20th September 2022


There were a number of personal bests and a couple of national records for the Great Britain and Northern Ireland contingent at the IAU European Championships in Verona, Italy over the weekend.

Nine men (Damian Carr, Danny Hawkins, Alex Whearity, Rob Payne, Paul Maskell, James Stewart, Nathan Flear, Dan Lawson and Gareth Pritchard) and seven women (Joasia Zakrzewski, Jen Coleman, Jo Newens, Wendy Whearity, Cat Simpson, Ellie Eccles and Sophie Power) had qualified for the event with six named as scoring members before competition.

The women’s and men’s teams finished fourth overall in the team standings, with Joasia Zakrzewski and Daniel Lawson the top British finishers in fifth place.

The men had five athletes in the top 15 and the women had three athletes placed inside the top 22. Eight athletes set personal best performances, while Lawson set a British road record to move up to second on the UK all-time list, while Zakrzewski set a new British women’s record on any surface.

Zakrzewski ended the 24 hours covering 247.985 km which saw her finish as top Briton in the competition; Patrycja Bereznowska (POL) sealed the gold medal with 256.250km.

Ellie Eccles was the next British athlete in the standings with 222.557km which was a personal best for her, while Jen Coleman was one place further back in 22nd with 221.390km.

Sophie Power was 37th, Cat Simpson 63rd, Jo Newens 68th and Wendy Whearity in 75th.

Meanwhile, with Lawson’s British road record of 273.003km setting the standard for the British men after a superb performance, his teammates backed this up with several top order finishes. The team were in a close battle with Spain for the team bronze, but ultimately just fell short.

Danny Hawkins and Paul Maskell could not be separated as both revised their personal bests to 265.302km to take a share of seventh place in the overall standings.
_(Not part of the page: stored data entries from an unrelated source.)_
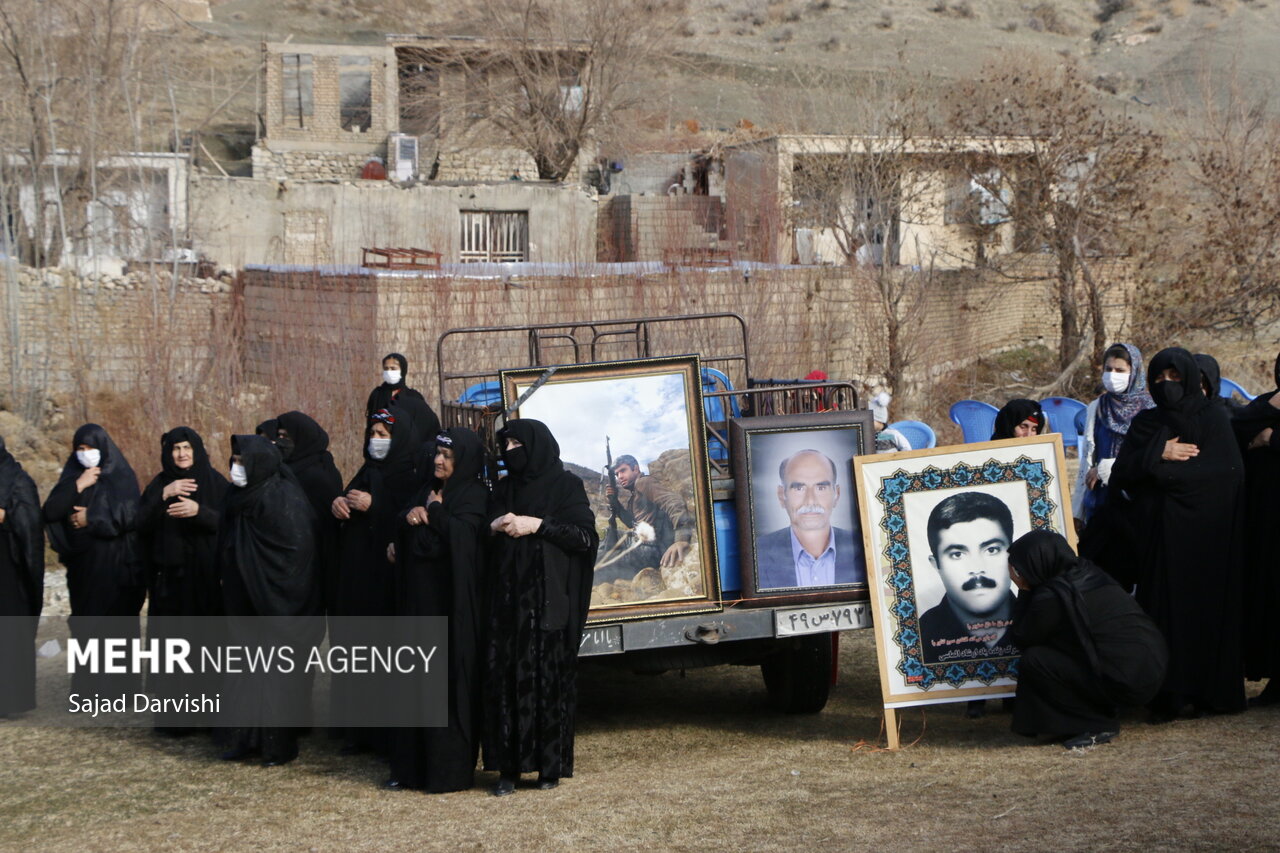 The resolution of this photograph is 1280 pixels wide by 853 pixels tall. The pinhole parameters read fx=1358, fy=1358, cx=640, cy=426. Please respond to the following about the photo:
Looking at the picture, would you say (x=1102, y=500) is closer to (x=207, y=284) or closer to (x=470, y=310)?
(x=470, y=310)

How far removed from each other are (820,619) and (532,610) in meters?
1.42

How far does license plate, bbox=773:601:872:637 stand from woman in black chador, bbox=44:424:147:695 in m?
3.71

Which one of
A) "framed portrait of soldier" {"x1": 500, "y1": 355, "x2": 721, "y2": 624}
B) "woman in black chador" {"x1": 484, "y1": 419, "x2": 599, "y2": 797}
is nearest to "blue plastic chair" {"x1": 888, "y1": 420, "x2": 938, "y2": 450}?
"framed portrait of soldier" {"x1": 500, "y1": 355, "x2": 721, "y2": 624}

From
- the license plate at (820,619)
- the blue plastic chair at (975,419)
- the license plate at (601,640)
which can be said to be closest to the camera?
the license plate at (601,640)

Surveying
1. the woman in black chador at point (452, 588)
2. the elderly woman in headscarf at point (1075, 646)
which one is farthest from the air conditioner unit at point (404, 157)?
the elderly woman in headscarf at point (1075, 646)

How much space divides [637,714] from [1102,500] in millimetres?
2754

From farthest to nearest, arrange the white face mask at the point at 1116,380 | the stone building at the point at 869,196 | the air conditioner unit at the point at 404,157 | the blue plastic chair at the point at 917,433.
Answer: the air conditioner unit at the point at 404,157, the stone building at the point at 869,196, the blue plastic chair at the point at 917,433, the white face mask at the point at 1116,380

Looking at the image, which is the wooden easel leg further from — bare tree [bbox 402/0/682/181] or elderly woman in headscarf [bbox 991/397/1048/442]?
bare tree [bbox 402/0/682/181]

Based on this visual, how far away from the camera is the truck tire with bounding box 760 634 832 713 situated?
6953mm

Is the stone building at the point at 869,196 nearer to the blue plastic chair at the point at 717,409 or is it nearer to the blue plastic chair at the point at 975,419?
the blue plastic chair at the point at 975,419

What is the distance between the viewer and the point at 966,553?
6297 mm

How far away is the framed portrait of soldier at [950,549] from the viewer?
625 centimetres

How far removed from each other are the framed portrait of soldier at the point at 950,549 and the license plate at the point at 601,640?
1197 mm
Next for Great Britain and Norther Ireland was Alexander Whearity who achieved a personal best of 261.039km for 14th, while Damien Carr was one position further back with 260.367km.

Gareth Pritchard improved his PB to 246.413km in 28th, while Nathan Flear was 48th, James Stewart 54th and Robert Payne 55th.

Lithuania’s Aleksadr Sorokin set a world record on his way to winning European gold as he ran 319.614km in the 24-hour period.